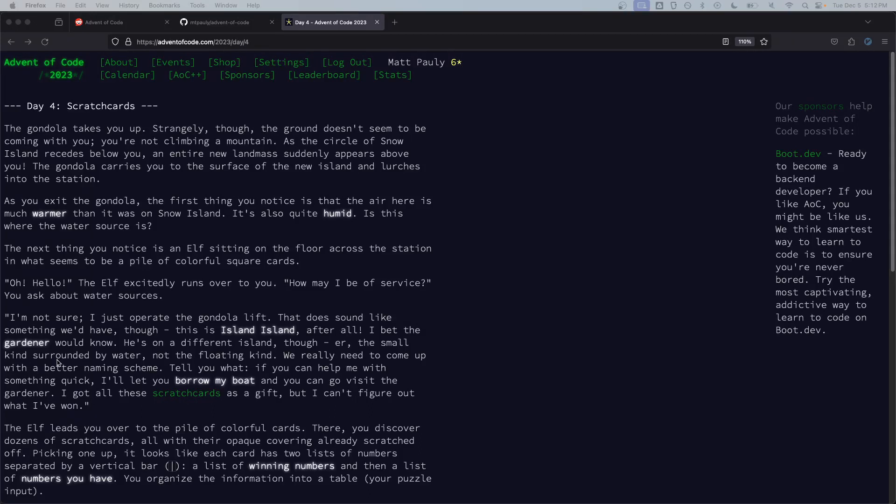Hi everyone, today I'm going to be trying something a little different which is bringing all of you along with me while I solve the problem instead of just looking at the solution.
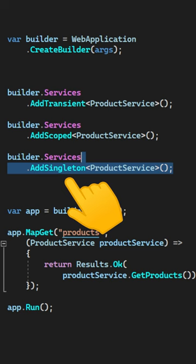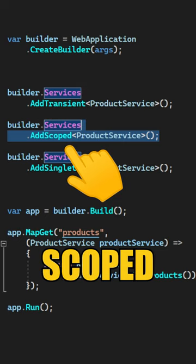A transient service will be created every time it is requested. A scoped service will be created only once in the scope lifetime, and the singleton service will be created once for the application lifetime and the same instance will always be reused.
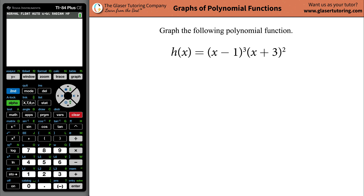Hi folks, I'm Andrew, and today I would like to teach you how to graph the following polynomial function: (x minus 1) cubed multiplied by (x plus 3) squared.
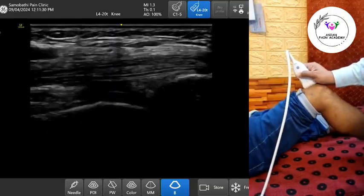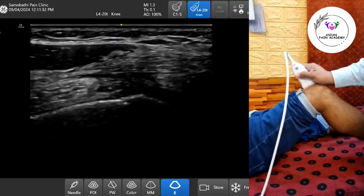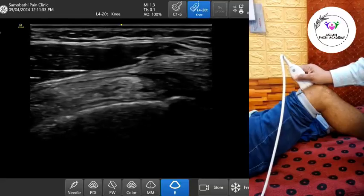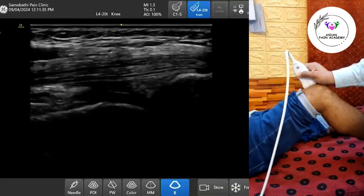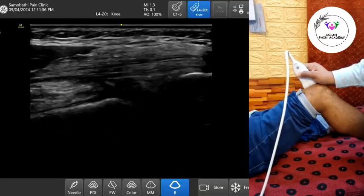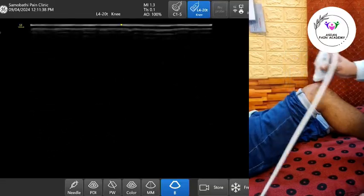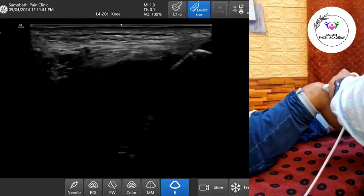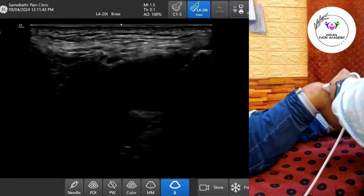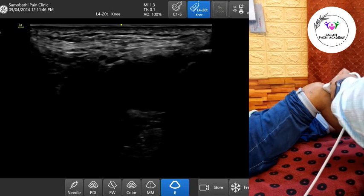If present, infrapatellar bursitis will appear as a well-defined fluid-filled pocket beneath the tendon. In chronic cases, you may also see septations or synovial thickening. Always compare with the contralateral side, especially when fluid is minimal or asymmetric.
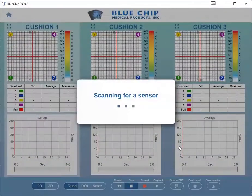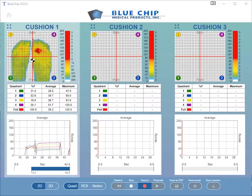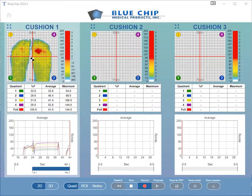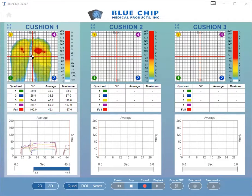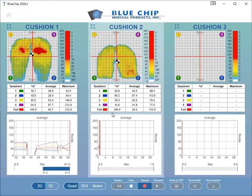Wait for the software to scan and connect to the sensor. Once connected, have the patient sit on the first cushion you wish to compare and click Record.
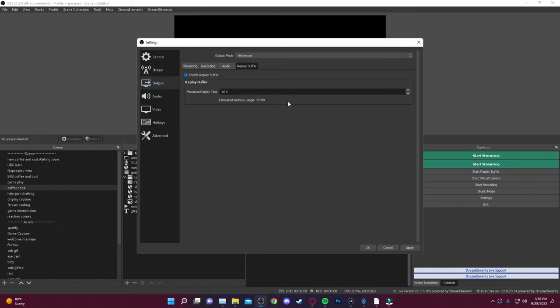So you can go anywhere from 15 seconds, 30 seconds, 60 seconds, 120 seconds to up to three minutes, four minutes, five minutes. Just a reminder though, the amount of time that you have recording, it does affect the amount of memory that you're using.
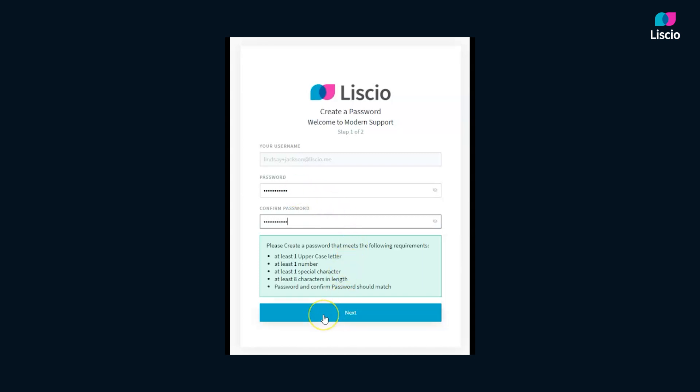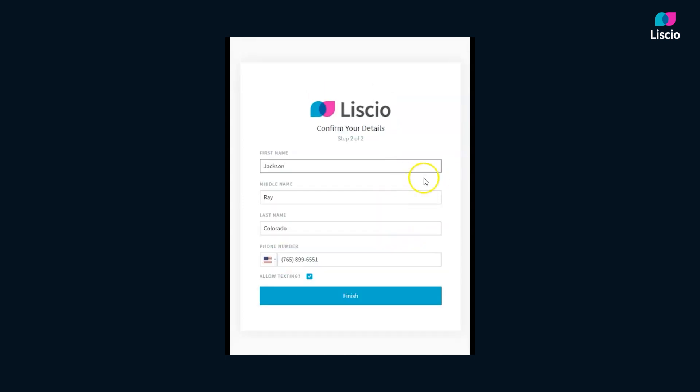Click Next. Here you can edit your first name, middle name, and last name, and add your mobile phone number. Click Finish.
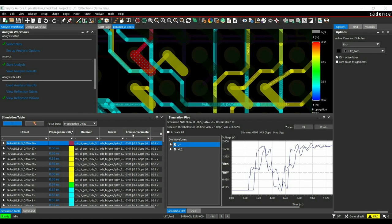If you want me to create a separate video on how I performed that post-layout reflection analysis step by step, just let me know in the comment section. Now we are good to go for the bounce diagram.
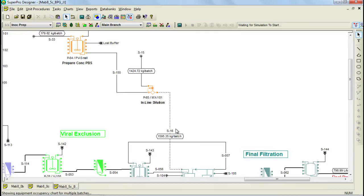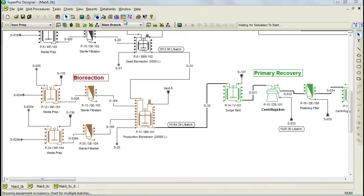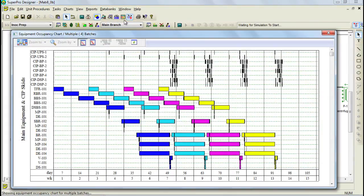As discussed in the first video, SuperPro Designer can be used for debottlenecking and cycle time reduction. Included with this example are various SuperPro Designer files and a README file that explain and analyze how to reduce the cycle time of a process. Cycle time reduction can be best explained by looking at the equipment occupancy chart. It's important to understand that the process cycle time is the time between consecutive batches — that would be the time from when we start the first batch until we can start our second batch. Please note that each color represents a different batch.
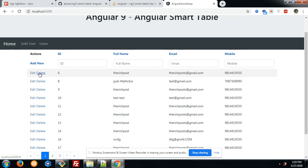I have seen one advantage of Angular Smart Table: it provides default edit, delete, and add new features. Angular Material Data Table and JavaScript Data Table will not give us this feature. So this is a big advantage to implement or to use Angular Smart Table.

### [Your assignment]
Repeat the lines of the records verbatim, starting at the line containing "If present, infrapatellar" and stopping after the final line. Images stay out.

### [Written answer]
If present, infrapatellar bursitis will appear as a well-defined fluid-filled pocket beneath the tendon. In chronic cases, you may also see septations or synovial thickening. Always compare with the contralateral side, especially when fluid is minimal or asymmetric.
Wait for the software to scan and connect to the sensor. Once connected, have the patient sit on the first cushion you wish to compare and click Record.
So you can go anywhere from 15 seconds, 30 seconds, 60 seconds, 120 seconds to up to three minutes, four minutes, five minutes. Just a reminder though, the amount of time that you have recording, it does affect the amount of memory that you're using.
Click Next. Here you can edit your first name, middle name, and last name, and add your mobile phone number. Click Finish.
If you want me to create a separate video on how I performed that post-layout reflection analysis step by step, just let me know in the comment section. Now we are good to go for the bounce diagram.
As discussed in the first video, SuperPro Designer can be used for debottlenecking and cycle time reduction. Included with this example are various SuperPro Designer files and a README file that explain and analyze how to reduce the cycle time of a process. Cycle time reduction can be best explained by looking at the equipment occupancy chart. It's important to understand that the process cycle time is the time between consecutive batches — that would be the time from when we start the first batch until we can start our second batch. Please note that each color represents a different batch.
I have seen one advantage of Angular Smart Table: it provides default edit, delete, and add new features. Angular Material Data Table and JavaScript Data Table will not give us this feature. So this is a big advantage to implement or to use Angular Smart Table.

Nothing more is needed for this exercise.